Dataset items
════════════════════
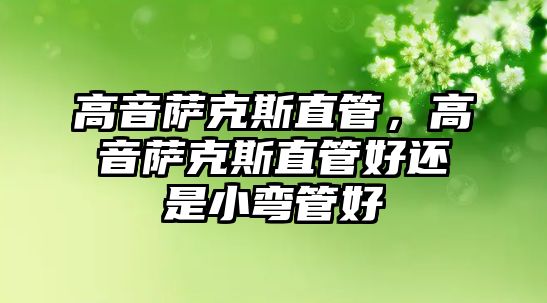 高音薩克斯直管，高音薩克斯直管好還是小彎管好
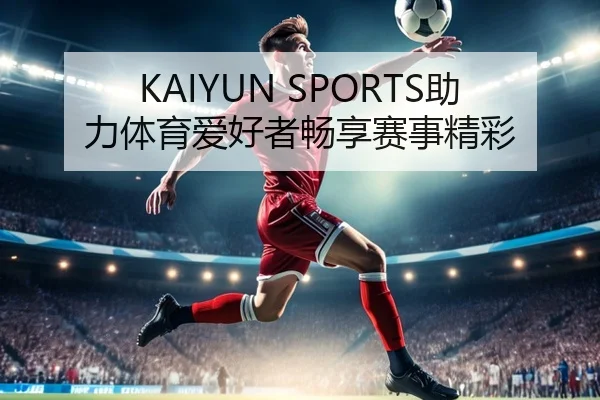KAIYUN SPORTS助力体育爱好者畅享赛事精彩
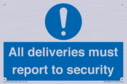 all-deliveries-must-report-to-security~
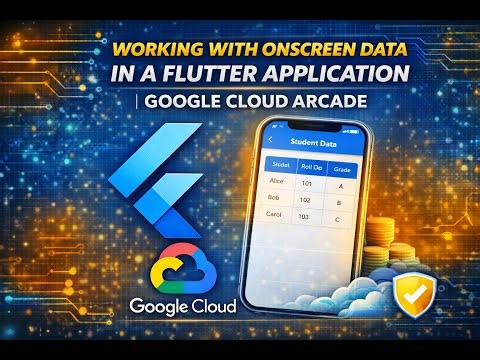 Working with Onscreen Data in a Flutter Application | Easiest Lab Solution | Google Arcade 2026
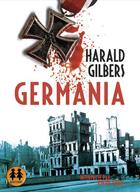 Couverture du livre « Germania » de Harald Gilbers aux éditions Sixtrid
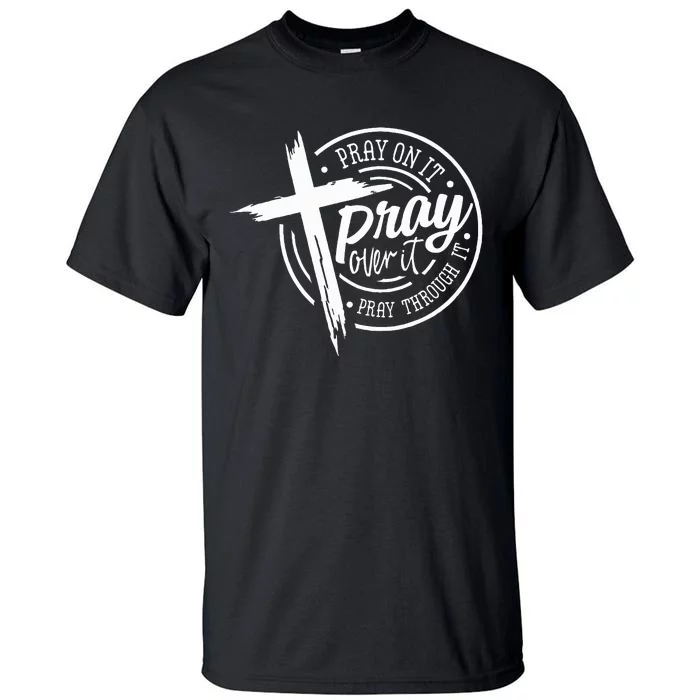 Pray On It Pray Over It Pray Through It Christian Tall T-Shirt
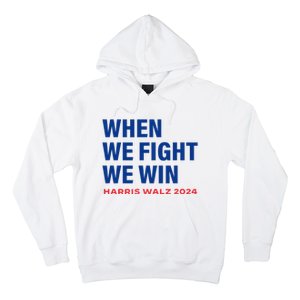 Kamala Harris Walz 2024 When We Fight We Win Election Waltz Hoodie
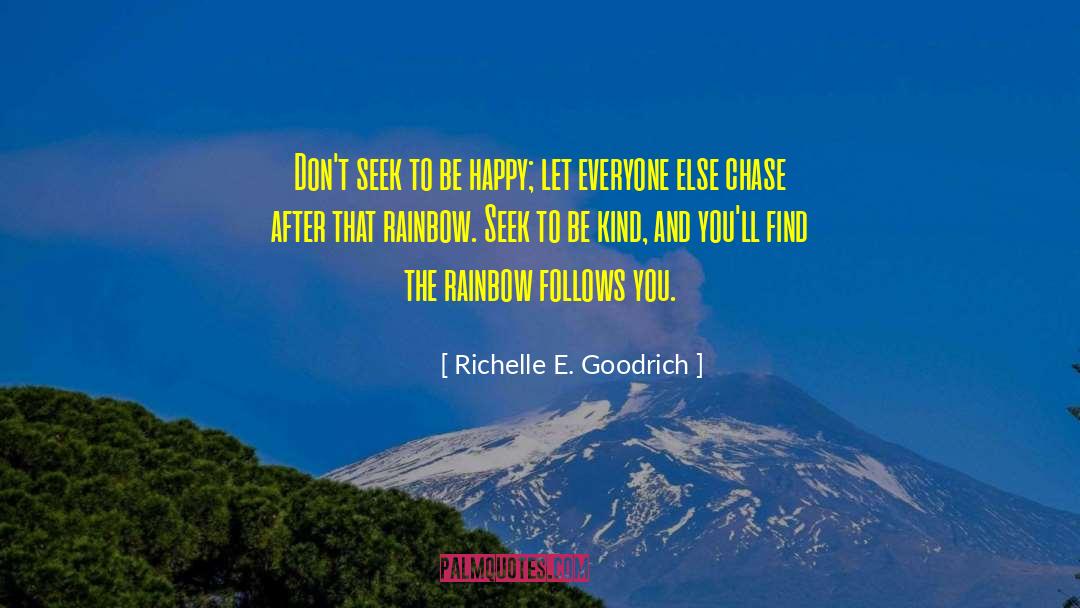 Kind Kindness quotes by Richelle E. Goodrich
════════════════════
» EXERCISE DETAILS: Take the line that contains "Couverture du livre" and every line after it up to the end of the records above, and restate them exactly, without the pictures.

» OUTPUT FOR THIS TASK:
 Couverture du livre « Germania » de Harald Gilbers aux éditions Sixtrid
 Pray On It Pray Over It Pray Through It Christian Tall T-Shirt
 Kamala Harris Walz 2024 When We Fight We Win Election Waltz Hoodie
 Kind Kindness quotes by Richelle E. Goodrich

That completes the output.